Genome-wide association analysis of anthracnose resistance in sorghum [Sorghum bicolor (L.) Moench]

Abstract

In warm-humid ago-ecologies of the world, sorghum [Sorghum bicolor (L.) Moench] production is severely affected by anthracnose disease caused by Colletotrichum sublineolum Henn. New sources of anthracnose resistance should be identified to introgress novel genes into susceptible varieties in resistance breeding programs. The objective of this study was to determine genome-wide association of Diversity Arrays Technology Sequencing (DArTseq) based single nucleotide polymorphisms (SNP) markers and anthracnose resistance genes in diverse sorghum populations for resistance breeding. Three hundred sixty-six sorghum populations were assessed for anthracnose resistance in three seasons in western Ethiopia using artificial inoculation. Data on anthracnose severity and the relative area under the disease progress curve were computed. Furthermore, the test populations were genotyped using SNP markers with DArTseq protocol. Population structure analysis and genome-wide association mapping were undertaken based on 11,643 SNPs with <10% missing data. The evaluated population was grouped into eight distinct genetic clusters. A total of eight significant (P < 0.001) marker-trait associations (MTAs) were detected, explaining 4.86-15.9% of the phenotypic variation for anthracnose resistance. Out of which the four markers were above the cutoff point. The significant MTAs in the assessed sorghum population are useful for marker-assisted selection (MAS) in anthracnose resistance breeding programs and for gene and quantitative trait loci (QTL) mapping.

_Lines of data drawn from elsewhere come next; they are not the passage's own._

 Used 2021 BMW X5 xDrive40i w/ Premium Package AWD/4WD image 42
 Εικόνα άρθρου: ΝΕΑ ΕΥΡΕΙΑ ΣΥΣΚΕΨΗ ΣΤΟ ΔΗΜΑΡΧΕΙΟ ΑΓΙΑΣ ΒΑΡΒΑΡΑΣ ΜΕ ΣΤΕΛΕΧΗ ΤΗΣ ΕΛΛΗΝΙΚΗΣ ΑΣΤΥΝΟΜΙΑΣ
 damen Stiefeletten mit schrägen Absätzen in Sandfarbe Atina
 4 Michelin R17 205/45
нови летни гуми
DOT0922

Fig 1. Rainfall, relative humidity, and minimum and maximum temperatures of Bako Agricultural Research Center in 2016 (A), 2017 (B) and 2018 (C).

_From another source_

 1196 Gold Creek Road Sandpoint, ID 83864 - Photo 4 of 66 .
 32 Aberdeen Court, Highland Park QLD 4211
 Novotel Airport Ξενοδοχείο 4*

(Source: Bako Agricultural Research Center/Ethiopia).

Fig 2. The relative area under disease progress curves (rAUDPC) of 10 anthracnose resistant and 10 susceptible sorghum genotypes, including Btx623 among 366 genotypes evaluated in three seasons in Ethiopia.

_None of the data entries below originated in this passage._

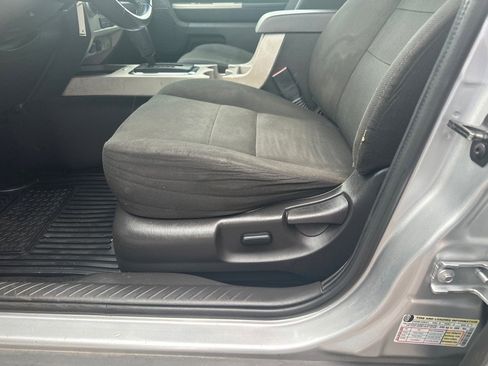 Used 2010 Ford Escape XLT image 18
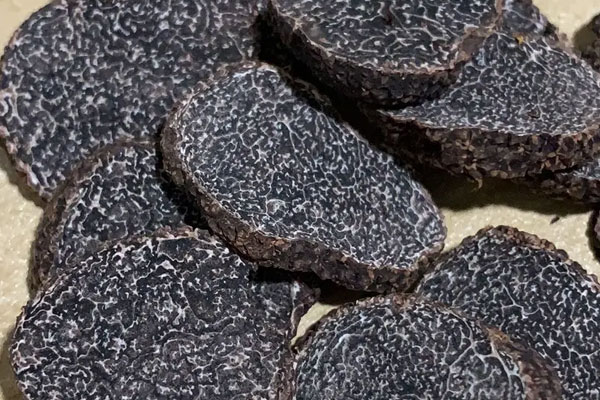 牛肉鵝肝黑松露飯的營養(yǎng)價值 牛肉鵝肝黑松露飯的營養(yǎng)價值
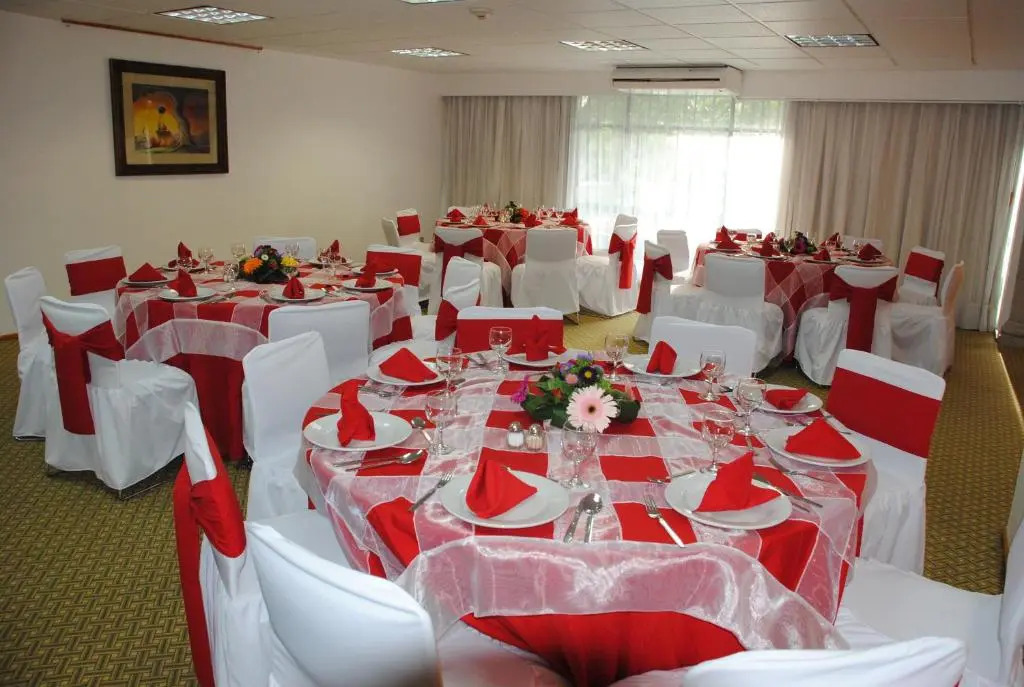 Hotel & Suites PF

Fig 3. Plot depicting the cross-validation error rates values and K sub-sets varying from K = 2 to K = 20 based on ADMIXTURE analysis.

Fig 4. Population genetic structure among 313 Ethiopian sorghum accessions in K = 8.

Fig 5. Principal component analysis among 313 sorghum collections based on 11,643 SNPs using the first two principal components.

The large proportions of the variances contained in the data are retained by the first three principal components (A), while the relationship among collections between areas of origin is represented in (B).

Fig 6. Genome-wide association of anthracnose resistance amongst 313 sorghum collections with 11,643 SNP markers using a FarmCPU Model: (a) Manhattan plots showing significant false discovery rate (FDR) adjusted P-value of ≤0.1 associated with anthracnose resistance, A dash line represents the threshold from the FDR, and a blue line represents the significant threshold −Log10 (P) value and (b) Log Q-Q plots validating the FarmCPU Model and depicting consistency in reducing -log10(p-values) toward the expected level.